Ever Fancied Buying A Listed Building?
Owners of listed buildings will tell you all sorts of frightening tales about the restrictions placed on them by heritage officers but the simple fact is that if you cannot agree them, you should not buy such a home.
To damage or alter a listed building without consent is illegal and could land you with a criminal record, and a large bill to put things right.
Contrary to what some people imagine, Grade I and II buildings are not all very costly to buy but can be expensive to restore. Experts say that you can add at least 30 per cent to the usual bill as you must follow strict guidelines and use an architect, surveyors, specialist contractors and suitable historical materials.
If you are sold on the idea of becoming the proud owner of a piece of architectural heritage, be aware from the start that you will be regarded as a custodian rather than an owner. You may find it hard to accept that English Heritage might also appear to wish to write your cheques for you.
Rather surprisingly, most applications for work are approved; English Heritage says up to 90 per cent of listed building consent applications are approved.
Obviously most buyers will expect the listing to add value, which is often the case.

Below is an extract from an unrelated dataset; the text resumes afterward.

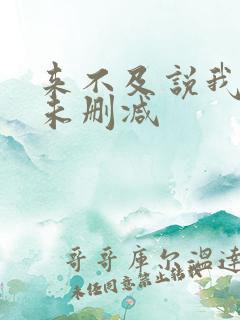 来不及说我爱你未删减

Listed properties are often character-filled, every room telling a story. Original period features are highly valued and can increase the asking price, especially when refurbished or restored.
The reason for listing can be found by looking at The National Heritage list (english-heritage.org.uk/list).
Here you can find a description of features of interest which may run from a few paragraphs to large files. If you are thinking of buying a listed property take this on board.
"It is also a good idea to ask building control and the conservation officer whether they have a list of approved contractors and builders before you start work."
NOT ALL planning decisions are obvious. Increasingly, where new extensions are applied for, conservation officers favour architecture that is completely distinct from the heritage elements.
Finally, the rules on tax relief have changed so that previously exempt alterations and repairs to a listed building are now subject to VAT.